How ReLU Revolutionized Deep Learning: The Story Behind max(0,x)

In the history of deep learning, certain papers mark a turning point—a moment when a seemingly simple idea unlocks a new level of performance and understanding. The 2011 paper “Deep Sparse Rectifier Neural Networks” by Xavier Glorot, Antoine Bordes, and Yoshua Bengio is one such work. Before this paper, training deep neural networks was a notoriously tricky process, often requiring complex, multi-stage unsupervised pre-training to achieve good results.

The standard activation functions of the time—the logistic sigmoid and hyperbolic tangent (tanh)—suffered from a critical flaw: the vanishing gradient problem.

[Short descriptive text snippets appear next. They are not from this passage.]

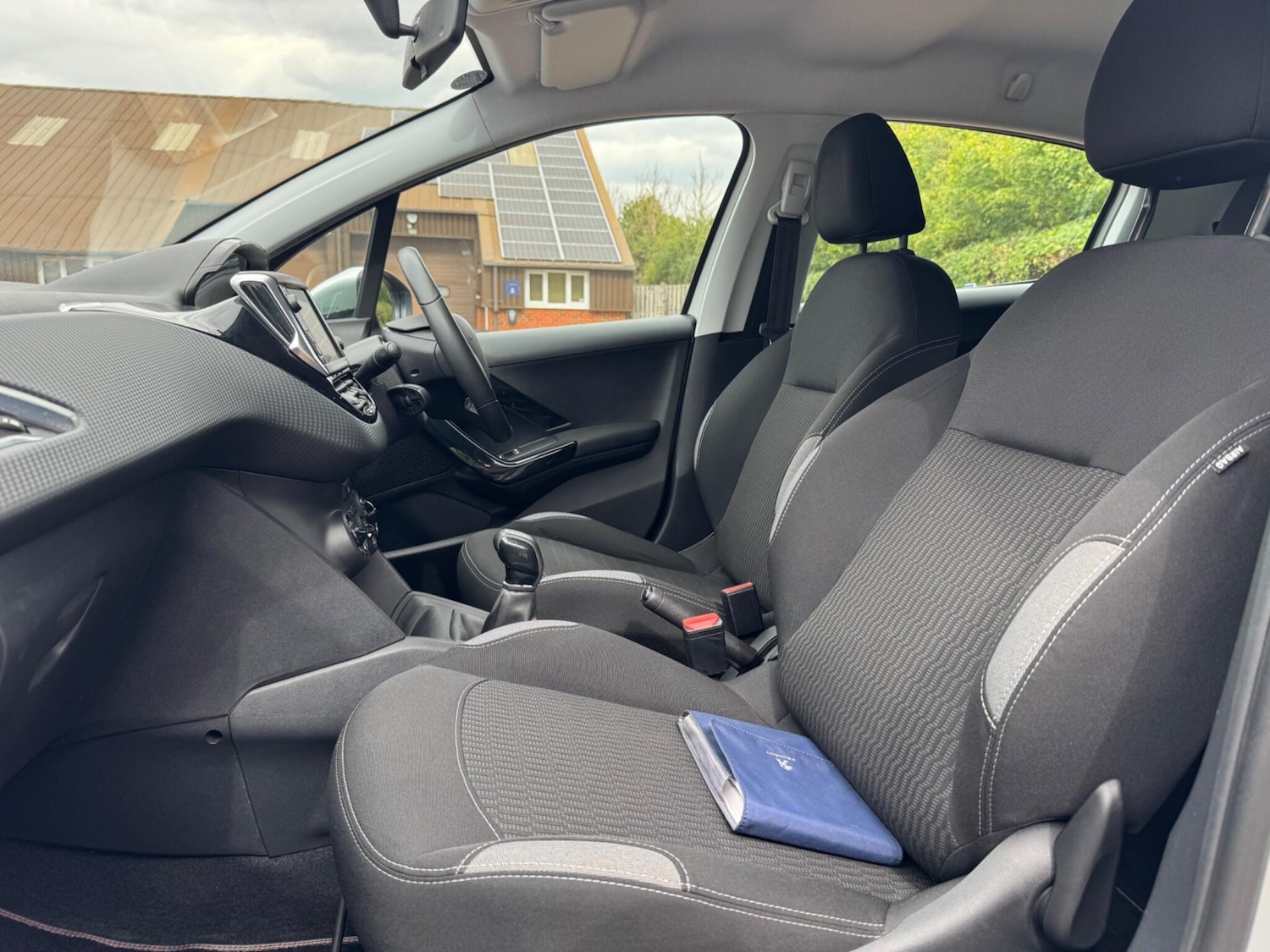 Used Peugeot 208 for sale - 76993617: Photo 42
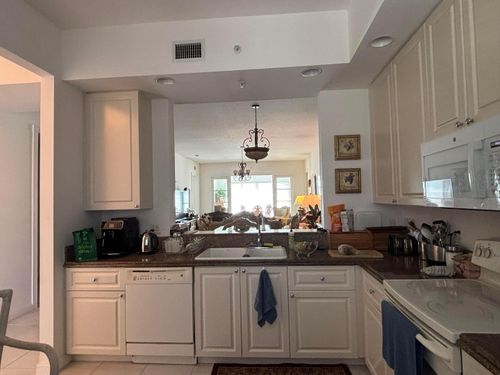 305-24 Harbour Isle Dr W, Fort Pierce, FL, 34949-2776 | Card Image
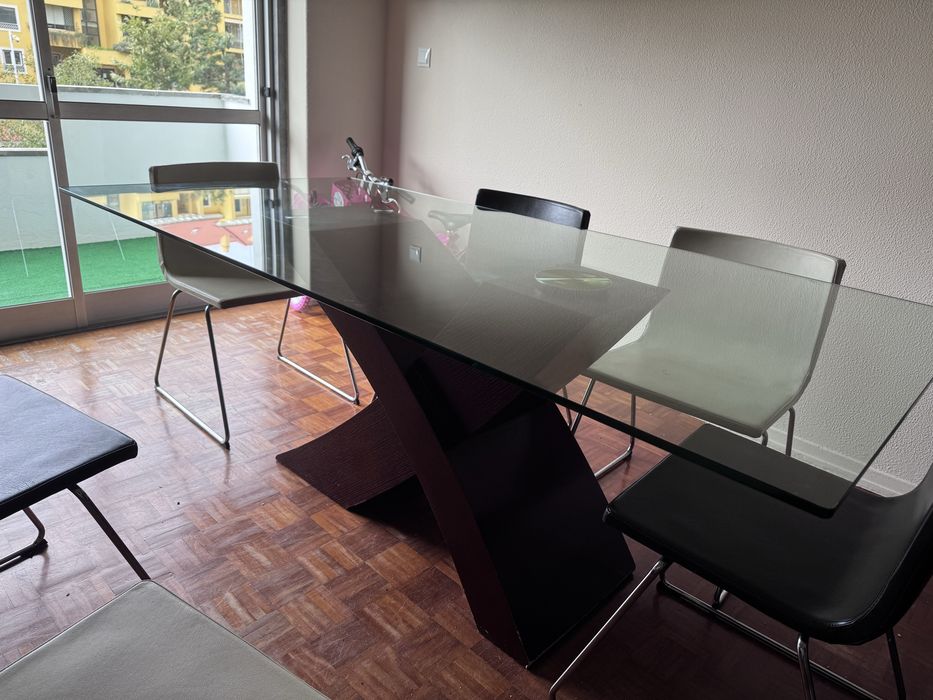 Mesa de jantar com 6 cadeiras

As error signals propagated backward through many layers, the gradients would shrink exponentially, making it nearly impossible for the early layers of the network to learn.

This paper introduced a refreshingly simple alternative inspired by neuroscience: the rectifier activation function, defined as:

\[ \text{rectifier}(x) = \max(0, x) \]

This function, now ubiquitously known as the Rectified Linear Unit (ReLU), not only sidestepped the vanishing gradient problem but also introduced a powerful property called sparsity. The authors demonstrated that deep networks using rectifiers could be trained effectively with standard supervised learning, often outperforming their tanh-based counterparts without the need for unsupervised pre-training.

Let’s explore why this elegant idea changed the game.

Background: The Brain, Sparsity, and Activation Functions

To appreciate the contribution, we need to understand the state of neural network research at the time—particularly the gap between machine learning models and principles observed in computational neuroscience.

Lessons from Neuroscience

Neuroscientists have long observed that neurons in the brain operate under sparse firing—at any given moment, only a small fraction of neurons (estimated between 1–4%) are active. This minimizes energy expenditure while still providing rich representations.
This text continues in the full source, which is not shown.